WebMD Health News
Louise Chang, MD
Jan. 3, 2008 -- Taking sips and tastes of alcohol at an early age is common, according to a new study that polled the early alcohol experiences of 452 children at ages 8 and 10.
Overall, 39% of the children had sipped or tasted alcohol while just 6% had had a full drink. Among the 8-year-olds, 35% had tasted or sipped, while 48% of the 10-year-olds had.
"Sipping and tasting of alcohol by young kids is more common than thought," says John E. Donovan, PhD, associate professor of psychiatry and epidemiology at the University of Pittsburgh, who led the study.
In the study, Donovan also looked at whether the kids who sipped and tasted were more likely to engage in problem behavior. "The ones who have sipped are no more likely to have engaged in shoplifting, damaging public property, writing on public property, or other delinquent behaviors than the ones who have not," he says.
But that's not carte blanche to let your kids nip at your cocktails, he adds. It's too soon to know, he says, if early sips and tastes will lead to drinking and delinquency problems later. He will follow the sample of children, now ages 15 and 17, to see how the sippers and tasters fare.
(Did you get your first taste of alcohol at home? Do you think it caused you to drink earlier or more in life? Join the discussion on the Health Cafe message board.)

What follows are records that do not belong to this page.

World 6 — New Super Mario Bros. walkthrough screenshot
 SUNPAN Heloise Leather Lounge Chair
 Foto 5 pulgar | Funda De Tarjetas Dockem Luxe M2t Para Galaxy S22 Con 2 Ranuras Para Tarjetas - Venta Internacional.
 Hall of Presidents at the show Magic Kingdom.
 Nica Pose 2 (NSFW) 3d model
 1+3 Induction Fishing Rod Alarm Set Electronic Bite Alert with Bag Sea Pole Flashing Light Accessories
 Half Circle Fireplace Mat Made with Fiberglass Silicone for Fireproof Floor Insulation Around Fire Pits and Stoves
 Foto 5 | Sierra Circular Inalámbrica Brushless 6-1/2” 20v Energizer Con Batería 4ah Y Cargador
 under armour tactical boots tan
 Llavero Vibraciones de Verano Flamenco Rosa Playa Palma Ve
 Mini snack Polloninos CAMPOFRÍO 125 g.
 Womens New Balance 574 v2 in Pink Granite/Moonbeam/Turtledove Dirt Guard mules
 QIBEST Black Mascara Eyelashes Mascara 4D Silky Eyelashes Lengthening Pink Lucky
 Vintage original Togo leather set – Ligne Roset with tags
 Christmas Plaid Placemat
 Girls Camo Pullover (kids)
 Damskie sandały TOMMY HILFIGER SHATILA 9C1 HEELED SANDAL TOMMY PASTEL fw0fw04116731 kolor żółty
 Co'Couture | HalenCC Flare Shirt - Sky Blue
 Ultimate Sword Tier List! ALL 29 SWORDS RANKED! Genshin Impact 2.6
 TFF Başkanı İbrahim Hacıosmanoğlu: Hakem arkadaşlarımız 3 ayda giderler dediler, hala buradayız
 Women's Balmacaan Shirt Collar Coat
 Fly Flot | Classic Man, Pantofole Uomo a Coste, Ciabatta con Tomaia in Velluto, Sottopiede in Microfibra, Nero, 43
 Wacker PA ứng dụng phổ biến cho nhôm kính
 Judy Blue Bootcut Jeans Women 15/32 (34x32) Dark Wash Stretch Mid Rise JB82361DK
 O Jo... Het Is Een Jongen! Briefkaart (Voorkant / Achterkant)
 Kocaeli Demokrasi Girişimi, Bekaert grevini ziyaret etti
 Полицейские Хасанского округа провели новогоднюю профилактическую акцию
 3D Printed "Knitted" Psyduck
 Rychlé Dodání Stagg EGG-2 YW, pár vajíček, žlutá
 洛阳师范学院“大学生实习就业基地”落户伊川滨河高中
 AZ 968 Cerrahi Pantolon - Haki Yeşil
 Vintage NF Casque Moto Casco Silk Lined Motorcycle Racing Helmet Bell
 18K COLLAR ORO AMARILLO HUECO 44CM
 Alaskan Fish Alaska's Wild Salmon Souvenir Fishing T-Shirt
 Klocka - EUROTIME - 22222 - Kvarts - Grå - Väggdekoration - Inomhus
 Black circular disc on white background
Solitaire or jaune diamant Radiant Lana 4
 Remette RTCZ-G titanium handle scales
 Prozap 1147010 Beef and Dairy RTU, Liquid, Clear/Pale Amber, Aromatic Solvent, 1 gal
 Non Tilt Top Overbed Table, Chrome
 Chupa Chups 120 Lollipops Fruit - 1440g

Experts have known for years that early drinking -- more than sips and tastes -- can spell problems later, Donovan tells WebMD. "There is growing literature that says the younger the age at which they start, the more likely they are to be at risk for abuse and dependence of problem drinking in adolescence."
But that evidence has to do with children who drink full drinks. Looking at children who take sips and tastes -- sometimes from their parents or sometimes on the sly, such as at family celebrations -- has not been researched much, Donovan says.
He polled the 452 children -- 210 8-year-olds and 242 10-year-olds -- and their parents, asking about drinking, sipping, and tasting experiences. The interviews with the children were conducted every six months and annually with the parents over three years. The study is in the January issue of Alcoholism: Clinical & Experimental Research.
"A fairly large proportion of children have some personal experience with alcohol by age 8 or 10," Donovan says. "So we really shouldn't be talking about adolescence as a time when experimenting with alcohol starts."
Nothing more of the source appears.